Add Streamlined Finishes
The exposed bulb look has translated well, from Sputnik lamps to sconces and now hanging pendant lights. This, paired with the smoky blue cabinets and that stylish patterned rug, makes for a picture-perfect, modernized midcentury modern kitchen.
Go for a Moody Palette
Bright hues are a great option, but if you prefer your rooms to be on the quieter side, moodier tones are a must. Slate blue, avocado green, chocolate brown—any of these will match what you're going for. Just add in a geometric light fixture, like seen here, and you're golden.

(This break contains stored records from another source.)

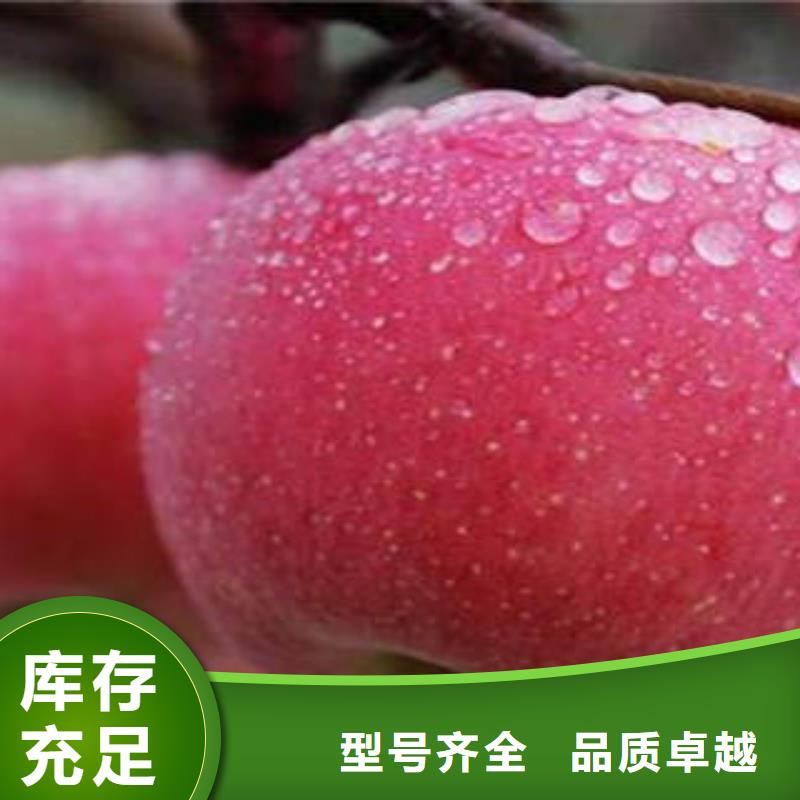 红富士苹果嘎啦果供您所需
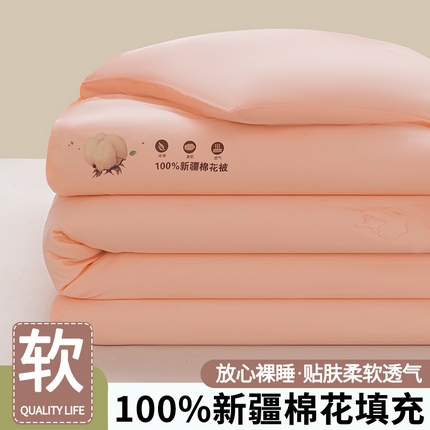91家纺网 家纺一手货源 找家纺 （总）佰丝居 2024秋冬新款100%棉新疆棉花被包检测被芯春秋被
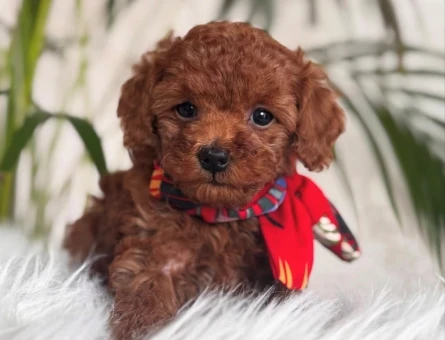 EŞSİZ GÜZELLİK DE TOY POODLE YAVRULARIMIZ - 6611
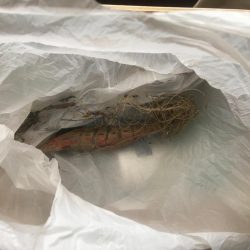 清掃活動：新春ガシラ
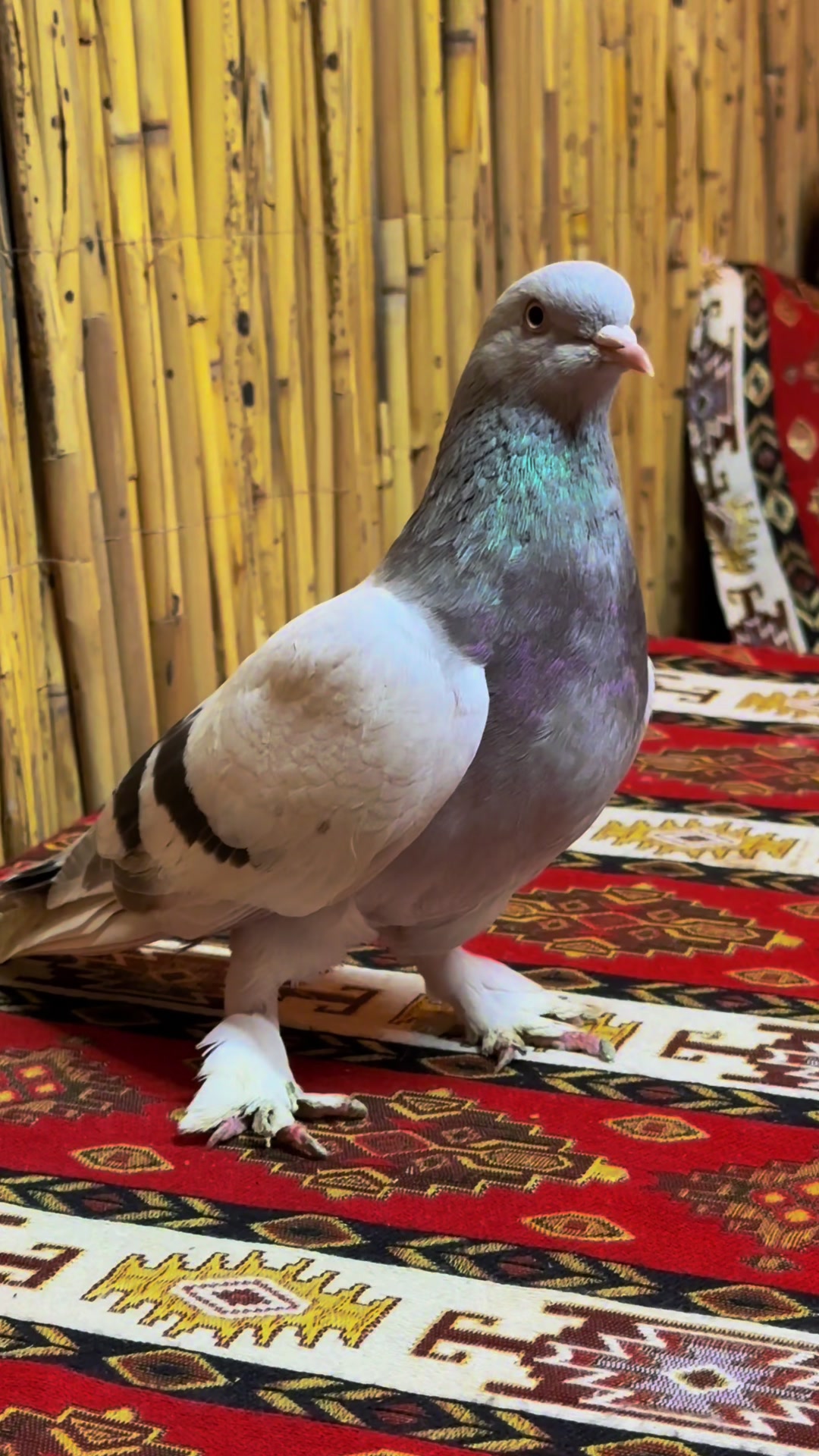 @Ali Yavuzdemir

Install Plenty of Paneling
Wood paneling is often associated with cabins and forest living, but midcentury modern took that idea and reworked it into a mega trendy use of the material. If you're open to a larger scale change when switching your kitchen from another style, deep-colored panels are an ideal solution. Might as well do your living room while you're at it, too.
Add Statement Textures
The orb lighting, modular chairs, and funky tile make this kitchen one for the books. It's light and airy but still holds its own as a midcentury modern space. You also can't admire this space without acknowledging its brilliant Sputnik pendant lamp.
Go For Cheeky Contrast
Here, the shapes, colors, and matte finish make this a quintessentially midcentury modern kitchen fit for any color fanatic. While the palette is complementary at its core, the more muted, deeper versions of green and red make it ultra cool.
Go Overboard on Wood
While kitsch is normally associated with the kitchens of the '50s and '60s, there are ways to ensure that your cooking space never crosses into that threshold if it's not your style. This gorgeous example proves how you can pile on the wood paneling that exploded late into the era of midcentury modern and still make it cut out for an updated home.
Try a Fresh and Mod Vibe
Wood and black will give you a kitchen that feels inviting but upscale and elevated. If you're opting for a dark shade, like seen here, try adding some contrast by choosing a lighter tone of wood. The inclusion of linear pulls and rounded pendant lights helps pull it all together.